Generally, reverse mortgages must be first mortgages.  Any debt on the home must be paid off before getting a reverse mortgage or with money from the reverse mortgage.  When you die, sell or permanently move out of the home, the reverse mortgage must be paid in full. 

Eligibility requirements are pretty simple.  All owners of the home must be 62 years of age or older and the home must be the primary residence for each owner at least six months of the year.

However, not all types of owned homes qualify for reverse mortgages.  Mobile homes and cooperative apartments are usually ineligible.  Some multiple unit dwellings, planned unit housing and manufactured housing are also ineligible. 

How much money you can get from a reverse mortgage depends mostly on the particular plan you choose as well as the kind of cash advances you want.  The money from a reverse mortgage can be paid to you all at once, or as a regular monthly sum.  You may opt for a credit line that provides you with the flexibility of deciding how much and when to use the funds.  You may also decide on some combination of these payment plans. 

No matter which reverse mortgage loan product you select you remain the owner of your home.  Consequently, the maintenance, property tax payments and insurance payments remain your responsibility.  If you do not fulfill these obligations, reverse mortgage lenders can call for repayment of the loan. 
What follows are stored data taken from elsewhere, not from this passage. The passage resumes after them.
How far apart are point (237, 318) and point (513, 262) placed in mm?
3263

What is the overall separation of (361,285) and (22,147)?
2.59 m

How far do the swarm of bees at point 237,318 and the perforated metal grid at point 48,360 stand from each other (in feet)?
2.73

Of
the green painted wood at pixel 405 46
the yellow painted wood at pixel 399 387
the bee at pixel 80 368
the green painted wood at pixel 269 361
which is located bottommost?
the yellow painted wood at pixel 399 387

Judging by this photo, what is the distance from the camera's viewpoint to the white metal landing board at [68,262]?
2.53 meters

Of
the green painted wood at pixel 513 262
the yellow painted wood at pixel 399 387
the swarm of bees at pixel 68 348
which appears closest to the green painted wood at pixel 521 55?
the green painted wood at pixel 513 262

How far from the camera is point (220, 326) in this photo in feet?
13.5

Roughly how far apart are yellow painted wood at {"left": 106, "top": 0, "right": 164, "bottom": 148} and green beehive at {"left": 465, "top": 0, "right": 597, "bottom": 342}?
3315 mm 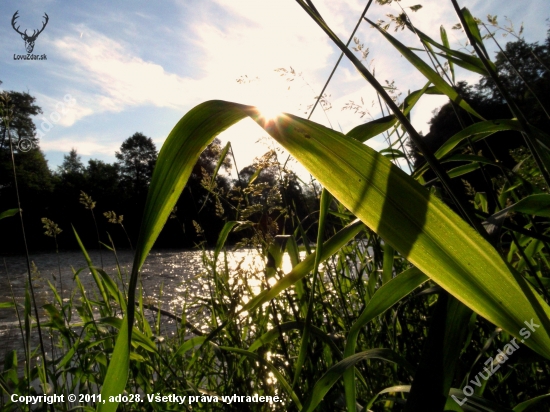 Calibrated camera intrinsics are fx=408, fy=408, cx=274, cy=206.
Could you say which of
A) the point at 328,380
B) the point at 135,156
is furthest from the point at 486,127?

The Home Equity Conversion Mortgage (HECM) is the best known and available reverse mortgage.   Insured by the Federal Housing Administration (FHA) (which is part of the U.S. Department of Housing and Urban Development (HUD), these loans are under the guidelines of the FHA.  The FHA mandates how much HECM lenders can lend you depending on your age and the value of your home.  An  HECM loan often provides greater loan advances than other reverse mortgages.  It is generally offered by mortgage companies and banks.  Costs incurred obtaining a reverse mortgage are similar to closing costs of a conventional mortgage.  The HECM program limits your loan cost and the FHA guarantees that lending institutions meet their obligations. 

In order to be eligible for an HECM loan, you must first contact a HUD approved counselor.

To find one you may use URL: http://www.hud.gov/offices/hsg/sfh/hecm/hecmlist.cfm

Regardless of what type of reverse mortgage loan product you are considering, you will need to speak with an independent reverse mortgage counselor before applying.  Depending upon your particular situation, a reverse mortgage may have tax consequences.  It could also affect your estate matters and possible future eligibility for Federal and State assistance programs.  There are many factors to consider.   A trained advisor has the knowledge to guide you to a plan tailored to your advantage.  You may use the URL above to find a counselor.  Many offer free initial consultations so be sure to ask.